In the acute unruptured case, relief is easily obtained in one to two hours by complete emptying of the colon by means of high- colonic irrigations or the repetition of the plain simple two- quart enema till the water returns clear.

Immediately the appendix is inflamed there is complete stasis of peristalsis at this point, and positively no danger is present even if water is forced into the colon from considerable heights, as in placing the bag five feet above the hips, though three feet elevation will usually serve to introduce the water without too much pressure.

It is a rare case in which relief is not quite complete in one or two hours, and not infrequently by the time the third or fourth enema is given there is no longer any pain.

Soreness of the appendicial region may persist for one or two days, but the recovered patient is generally at work next day as usual with no bad after-effects.

Should pain still be excessive after the colon is well emptied, it is only necessary to keep the patient in bed on the back with the knee well elevated an an ice bag over the region of pain, unless this pain should be at some distant and seemingly unrelated point, as not infrequently happens.
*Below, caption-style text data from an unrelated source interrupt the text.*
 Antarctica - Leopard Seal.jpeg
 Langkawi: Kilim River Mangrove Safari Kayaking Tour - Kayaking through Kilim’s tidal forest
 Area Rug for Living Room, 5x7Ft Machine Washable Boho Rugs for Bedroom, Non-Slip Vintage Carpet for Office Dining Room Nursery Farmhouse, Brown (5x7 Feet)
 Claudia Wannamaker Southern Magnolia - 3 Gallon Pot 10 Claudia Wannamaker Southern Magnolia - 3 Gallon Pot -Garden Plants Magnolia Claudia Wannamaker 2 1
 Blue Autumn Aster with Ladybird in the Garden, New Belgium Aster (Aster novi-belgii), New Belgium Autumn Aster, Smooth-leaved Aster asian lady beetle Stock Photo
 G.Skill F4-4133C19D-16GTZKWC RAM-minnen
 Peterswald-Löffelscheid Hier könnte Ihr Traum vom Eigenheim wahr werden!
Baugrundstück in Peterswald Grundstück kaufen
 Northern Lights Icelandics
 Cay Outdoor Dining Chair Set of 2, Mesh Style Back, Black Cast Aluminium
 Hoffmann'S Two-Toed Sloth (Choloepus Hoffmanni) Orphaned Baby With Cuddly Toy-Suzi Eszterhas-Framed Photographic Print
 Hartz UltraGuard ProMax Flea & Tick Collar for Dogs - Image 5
However, every physician is familiar with the location of McBurneys Point, and if doubt arises, the location will be found easily by a little deep pressure.

Should rupture have occurred, or perforation, with the familiar mass in the lower right quadrant of the abdomen, the very same procedure is all that is required; but in all cases, absolutely no food should enter the digestive tract till recovery is complete; and in the case of perforated or ruptured cases there will be no desire for food of any kind, as the entire digestive tract is out of function.
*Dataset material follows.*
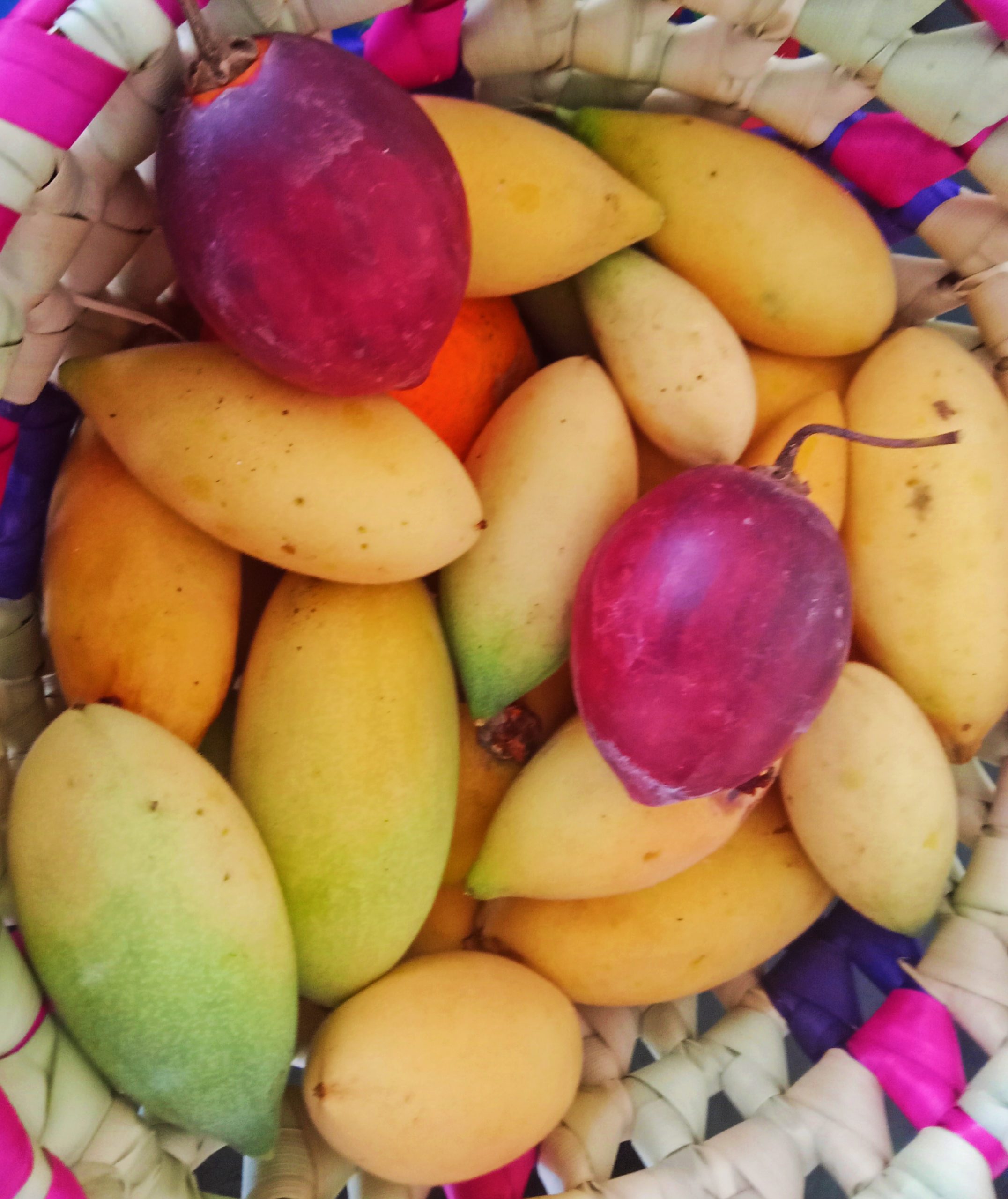 Urban fruit farming is good for humans and their environment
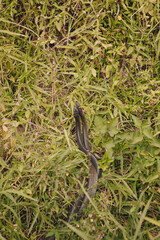 Two snakes mating in the nature near Adam's Peak Sri Lanka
Treated as above, appendicitis becomes one of the shortest and simplest of the acute manifestations of disease, for it subsides rapidly when the causative factors have in this way been discontinued.

During the writers first sixteen years of practice he continued to think of appendicitis as one of those accidental happenings for which there is no known remedy; but for the past twenty-nine years he has pursued the above simple attack on this supposedly surgical condition without one adventitious result to cause doubt of the correctness of the methods used.

Well over four hundred cases of all types of appendicitis have been treated in this simple way, without one fatality to mar the statistics, including twenty-four perforated cases with well- defined abscess wall, all of which drained naturally into the colon and were at work in one or two days after this spontaneous cure. With two exceptions, all of these cases matured and drained within forty-eight hours; in the two exception the time was five and seven days.